また冒頭であった通り、“知ったか”もあったとは思うのですが、それにめげずに自分で知識をつけていってくれたのは会話を通して感じるので、そこも良かったなと思います。

--一括りにはできませんが、エンジニアの方には教えるのが好きな人も多いなと感じました。一方で改善した方が良いケースは何かありますか?

岡﨑:人事の中だけで進めてしまうことですね。採用した後に一緒に働くのは現場エンジニアです。現場を知らないと、長く働く良いエンジニアって採用できないと思うんですよ。人事の中だけで仮説を立てて進めてしまうと、誤解が発生するんじゃないかなと思い、だからこそ現場エンジニアも巻き込んで聞いて欲しいというのはありますね。

--大東さんはいかがでしょう?

大東:例えば求人表を作るのを丸投げではなく、きちんと部署ごとの技術を理解してキャリアとしてある程度描いてくれていると、とても進めやすいなと感じます。

--採用担当に、どこまで技術のことを知っていて欲しいですか?

大東:知識として、似た技術の分類ができていると、すごくコミュニケーションがしやすいなと思います。技術の存在や特徴を知っているだけではなく、分類を知っていることで初めて応用が効くんじゃないかなと思っています。

--なるほど。逆に、気をつけるべきポイントは何かありますか?

大東:社内の技術スタックについて知っていないと、エンジニアに任せっきりになってしまいます。
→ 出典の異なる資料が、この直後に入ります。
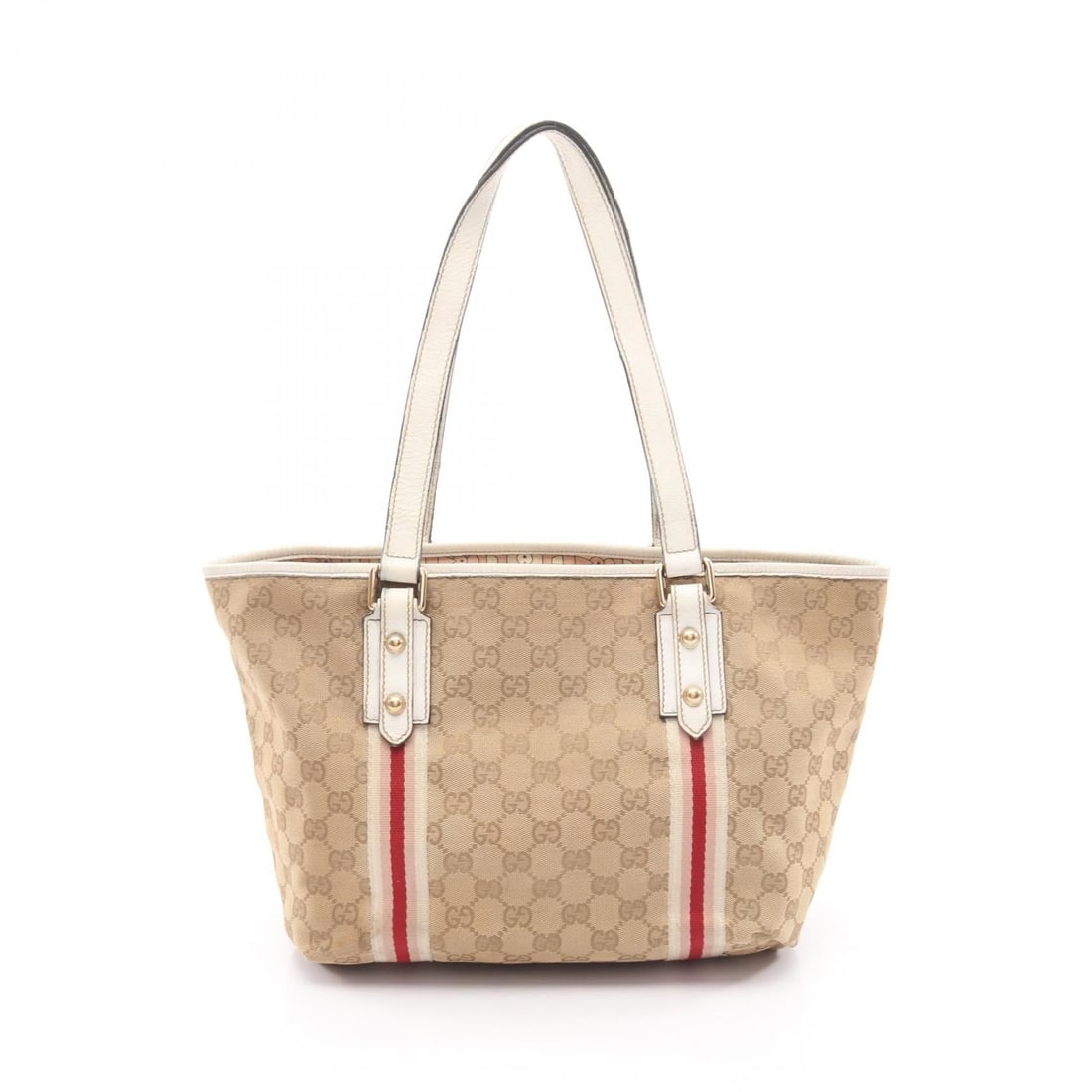 Gucci Sherry Line Canvas Tote Beige: Authentic and authenticated Gucci GG canvas Sherry line tote handbag in beige/white/pink canvas and leather. Model 137396. Approx. 22H x 39/27W x 14D cm with 52 cm handle. No accessories listed.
エンジニアは当然ながら事業の開発にも携わらなければいけないので、しんどいんですよね。だからこそ、連携を取りながら一緒に採用していくスタンスでないと厳しいと思います。

--具体的な知識などを学べる方法としては、どんなものが考えられますでしょうか?

岡﨑:一番は書籍を読むとかなのですが、それだと時間がかかりすぎるので、一番簡単なのはエンジニアに聞く事です。だからこそ僕は、近くのエンジニアと仲良くなることが一番の勉強かなと思います。

大東:技術選定の過程の話を聞くと、いろんな知識を包括的に学べるなと思いますね。

岡﨑:あとは、エンジニアのキャリアパスについての理解を深めるのも良いかなと思います。最初にエンジニアの分類を見て、その人が上がった先にどんな道があるのか理解していると、キャリアパスの部分もお話ができるんじゃないかなと思います。

--なるほど。ちなみに技術の話として、よく「レガシーは駄目」みたいな話を聞くのですが、レガシーってなんで駄目なんでしょうか?

岡﨑:レガシーは、既存のシステムを動かしているという観点では素晴らしいと思います。ただ、言語としてはセキュリティがアップデートされていない形なので、その分脆弱性があるのは良くないと思います。また、新しい言語は使いやすくなったり、簡単にコーディングができたりするので、その恩恵も受けれません。

さらに、レガシーを触れる人はどんどんと少なくなっていきますし、そもそもレガシーシステムを触りたくないエンジニアもいるので、採用的には結構厳しくなると思います。

嬉しいスカウト、嬉しくないスカウト

--次のテーマはスカウトです。嬉しいスカウトと嬉しくないスカウト、それぞれいかがでしょうか?

大東:先に嫌なスカウトとして。テンプレートっぽいのはもちろん嫌ですし、単純な経験言語のような、表面的な情報だけ見て連絡してくるのも嫌ですね。

逆に、Qiita記事を読んでくれて踏み込んだ内容で連絡してくれるスカウトは嬉しいです。また、僕の場合は趣味でカレーを作ってTwitterとかに上げているのですが、「あのカレーが美味しそうでした」みたいに、パーソナルな部分に踏み込んで連絡してくれるのは嬉しいですね。岡﨑:人事の方は、媒体でセグメントを区切って検索した上でスカウトを打っていくと思うのですが、エンジニアってちょっと触ったことがある言語であってもし使用言語登録することが良くあります。それに対して詳細を確認せずにその言語でアプローチしてこられると、「僕の得意な技術スタックはそこじゃなくて」ってなります。だからこそ数を打つのではなく、きちんと中身を見てもらって、自社の求める技術スタックと候補者の技術スタックの重なりが大きい人に対してアプローチをして欲しいなと思います。これができていると、必然的に嬉しいスカウトになると、個人的には思います。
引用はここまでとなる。